Asymptotically AdS Magnetic Branes in (n+1)-dimensional Dilaton Gravity

TL;DR

This paper introduces a new class of asymptotically AdS magnetic solutions in higher-dimensional dilaton gravity, featuring conic geometries with no singularities or horizons, and explores their properties including rotation and conserved quantities.

Contribution

The work presents novel asymptotically AdS magnetic brane solutions in higher dimensions with Liouville potentials, including rotating cases and analysis of their conserved charges.

Findings

Solutions are free of curvature singularities and horizons.

Rotating solutions acquire a net electric charge proportional to rotation.

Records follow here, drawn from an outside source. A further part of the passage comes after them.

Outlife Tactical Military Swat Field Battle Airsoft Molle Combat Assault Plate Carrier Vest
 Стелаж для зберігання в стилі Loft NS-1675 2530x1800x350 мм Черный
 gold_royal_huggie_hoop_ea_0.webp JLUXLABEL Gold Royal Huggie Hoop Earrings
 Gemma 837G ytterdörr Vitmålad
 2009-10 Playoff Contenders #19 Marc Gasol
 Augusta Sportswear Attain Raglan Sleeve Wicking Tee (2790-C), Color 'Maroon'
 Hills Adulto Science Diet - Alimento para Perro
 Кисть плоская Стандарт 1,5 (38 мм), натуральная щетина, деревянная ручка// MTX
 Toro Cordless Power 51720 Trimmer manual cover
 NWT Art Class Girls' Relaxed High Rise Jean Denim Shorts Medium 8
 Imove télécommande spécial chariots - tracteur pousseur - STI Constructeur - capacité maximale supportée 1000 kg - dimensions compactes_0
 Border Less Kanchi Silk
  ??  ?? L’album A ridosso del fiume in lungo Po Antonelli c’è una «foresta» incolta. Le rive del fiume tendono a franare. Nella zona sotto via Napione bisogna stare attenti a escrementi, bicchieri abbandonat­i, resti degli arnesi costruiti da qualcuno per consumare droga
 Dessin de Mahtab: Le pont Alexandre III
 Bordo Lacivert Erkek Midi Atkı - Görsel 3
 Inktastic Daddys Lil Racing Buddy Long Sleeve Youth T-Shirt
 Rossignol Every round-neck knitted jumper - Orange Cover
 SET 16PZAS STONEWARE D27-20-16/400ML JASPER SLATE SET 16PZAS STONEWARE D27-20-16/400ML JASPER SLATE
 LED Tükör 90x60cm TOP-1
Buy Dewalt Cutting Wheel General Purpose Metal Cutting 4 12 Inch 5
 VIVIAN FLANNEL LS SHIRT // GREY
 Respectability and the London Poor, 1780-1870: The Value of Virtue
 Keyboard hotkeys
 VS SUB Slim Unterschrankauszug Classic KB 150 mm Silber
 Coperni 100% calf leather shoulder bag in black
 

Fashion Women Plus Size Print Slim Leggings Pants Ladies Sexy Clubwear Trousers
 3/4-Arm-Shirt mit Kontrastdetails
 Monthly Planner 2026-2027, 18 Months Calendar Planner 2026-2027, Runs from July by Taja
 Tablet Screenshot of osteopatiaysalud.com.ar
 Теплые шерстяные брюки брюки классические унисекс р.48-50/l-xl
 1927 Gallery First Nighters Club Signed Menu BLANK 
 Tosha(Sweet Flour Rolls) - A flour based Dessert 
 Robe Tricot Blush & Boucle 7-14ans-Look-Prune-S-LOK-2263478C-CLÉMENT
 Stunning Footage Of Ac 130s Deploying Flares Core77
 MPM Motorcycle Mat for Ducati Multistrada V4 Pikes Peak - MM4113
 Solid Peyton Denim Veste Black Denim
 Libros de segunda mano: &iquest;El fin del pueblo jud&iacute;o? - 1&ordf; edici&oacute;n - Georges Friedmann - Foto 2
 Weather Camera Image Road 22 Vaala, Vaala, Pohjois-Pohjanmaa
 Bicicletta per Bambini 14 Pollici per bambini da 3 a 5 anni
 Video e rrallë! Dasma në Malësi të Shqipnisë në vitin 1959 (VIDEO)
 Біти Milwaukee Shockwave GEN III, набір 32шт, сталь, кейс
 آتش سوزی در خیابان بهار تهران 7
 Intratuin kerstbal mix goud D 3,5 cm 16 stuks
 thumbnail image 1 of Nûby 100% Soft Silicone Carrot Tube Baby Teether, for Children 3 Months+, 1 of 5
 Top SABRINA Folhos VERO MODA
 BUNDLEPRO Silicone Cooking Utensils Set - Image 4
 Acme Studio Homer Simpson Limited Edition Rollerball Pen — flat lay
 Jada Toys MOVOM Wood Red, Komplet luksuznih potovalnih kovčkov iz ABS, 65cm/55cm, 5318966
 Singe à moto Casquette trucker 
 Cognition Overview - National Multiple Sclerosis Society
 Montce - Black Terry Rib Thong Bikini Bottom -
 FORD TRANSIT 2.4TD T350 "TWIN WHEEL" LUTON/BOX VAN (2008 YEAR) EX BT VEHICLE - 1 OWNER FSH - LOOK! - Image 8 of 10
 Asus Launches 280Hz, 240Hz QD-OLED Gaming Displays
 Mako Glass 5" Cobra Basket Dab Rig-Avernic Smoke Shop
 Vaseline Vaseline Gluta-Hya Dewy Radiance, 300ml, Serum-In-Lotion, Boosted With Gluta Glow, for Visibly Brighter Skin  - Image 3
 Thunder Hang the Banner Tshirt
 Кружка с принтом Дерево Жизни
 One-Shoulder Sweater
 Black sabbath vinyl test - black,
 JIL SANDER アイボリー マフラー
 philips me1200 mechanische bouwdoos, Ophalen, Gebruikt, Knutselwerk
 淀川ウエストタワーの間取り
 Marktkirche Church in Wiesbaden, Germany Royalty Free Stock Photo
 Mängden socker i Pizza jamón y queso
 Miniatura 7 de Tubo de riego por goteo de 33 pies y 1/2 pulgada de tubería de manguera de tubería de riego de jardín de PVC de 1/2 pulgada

Conserved quantities are independent of the dilaton field.

Abstract

We present a new class of asymptotically AdS magnetic solutions in ($n+1$)-dimensional dilaton gravity in the presence of an appropriate combination of three Liouville-type potentials. This class of solutions is asymptotically AdS in six and higher dimensions and yields a spacetime with longitudinal magnetic field generated by a static brane. These solutions have no curvature singularity and no horizons but have a conic geometry with a deficit angle. We find that the brane tension depends on the dilaton field and approaches a constant as the coupling constant of dilaton field goes to infinity. We generalize this class of solutions to the case of spinning magnetic solutions and find that, when one or more rotation parameters are nonzero, the brane has a net electric charge which is proportional to the magnitude of the rotation parameters. Finally, we use the counterterm method inspired by AdS/CFT correspondence and compute the conserved quantities of these spacetimes. We found that the conserved quantities do not depend on the dilaton field, which is evident from the fact that the dilaton field vanishes on the boundary at infinity.